With its International Airport and the most spectacular landing ever experienced, St Martin is the perfect point of departure to sail around pristine beaches! However, there are so many other reasons to fall in love with St Martin. Most of the visitors choose this sailing destination for its cosmopolitan atmosphere. Besides its crystal clear waters and white sand beaches, the island offers world-class gourmet food, excellent opportunities for duty-free shopping, and a lively nightlife. Not for nothing, it is also called the “Gourmet Capital of the Caribbean”.

The perfect climate is also an excellent reason to visit St Martin: warm sunshine refreshed by cooling trade winds with a pleasant temperature that hardly varies throughout the year. Whether you are a novice or an experienced sailor, you will live an exceptional charter experience.

Furthermore, you will surely appreciate the stunning nature of St Martin and the other neighbouring islands. Away from the beaten path, you will also sail little outlying deserted islands, such as Dog Island, Prickly Pear, Sandy Islands.

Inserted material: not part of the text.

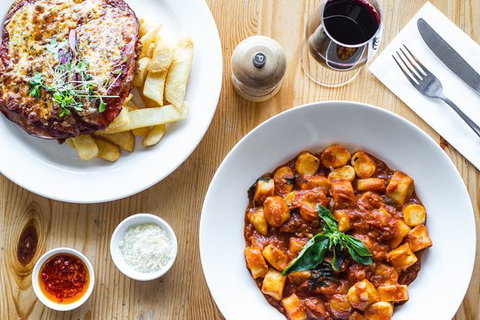 Via Fratelli Woodfire Pizza Restaurant - C Tourism 0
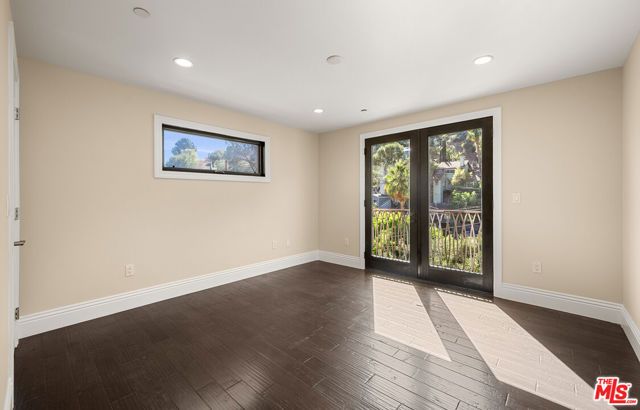 6477 Deep Dell Pl, Los Angeles, CA 90068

Whereas if you prefer something fancier, then you will find elegance and luxury in St-Barth. A variety of scenery so diverse, but all idyllic alike, in so few miles, no doubt you will keep an exceptional souvenir of your route in St Martin!

Winds and Navigation

Trades winds are generally at 10 to 20 knots blowing from the east. These trades mitigate at summer during the rainy season, while at Christmas they can reach their peak around 25 to 30 knots. Although the waters are generally calm, there are tides of the ocean side on the north. Indeed, the leeward part of the island is generally more pleasant, as it is protected from the winds and the waves, allowing peaceful navigation.


St Martin belongs to the Leeward Islands, where refreshing trade winds constantly blow. Precisely, Saint Martin has a tropical climate with a daily temperature between 25º C (77º F) to 28º C (80º F) all year round. The coolest period goes from January to March, while the hottest and most humid from June to October. The dry season is from January to June, even if rainfalls in St Martin are in general not abundant. We can say that there is not a real rainy season like in other islands of the Caribbean. However, it can be hit by tropical storms and hurricanes.

Marigot Bay

Get in your boat and do the check-in at Marigot harbour. Before leaving the marina and start this route in St Martin, take some time to smell the fresh-baked bread and pastries wafting from the cafes and bistros. Indeed, you shouldn’t overlook what today is the metropolitan capital of the French side of the island. On the seaside, you will find stylish boutiques and restaurants. Have a look at them! You can buy some tax-free items of every kind, from high-tech product to fashion, and try some French cuisine’s traditional dishes.

Once you are all set, take a short sail around the bay, familiarize yourself with the yacht and make your way towards Grande Case. This historic fishing village is home to lovely West Indian buildings housing art galleries and gourmet restaurants. Anchor by the beach so you can swim or laze on the foredeck and take in the views of the Pic Paradis.

Road Bay (Anguilla)

Sail to British Anguilla and enjoy the authentic Caribbean landscape. This pristine island boasts charming villages, peaceful harbours and brilliant stretches of white powdery beaches. Drop anchor in Road Bay (or Crocus Bay), it is a boaters haven. It is a protected commercial port of Anguilla, where you can practice watersports. At Flat Cap Point, you have excellent snorkelling under the cliffs that enclose this marine conservation area. Whereas out of the water, you can admire pelicans and other endangered tropic birds that nest on the island.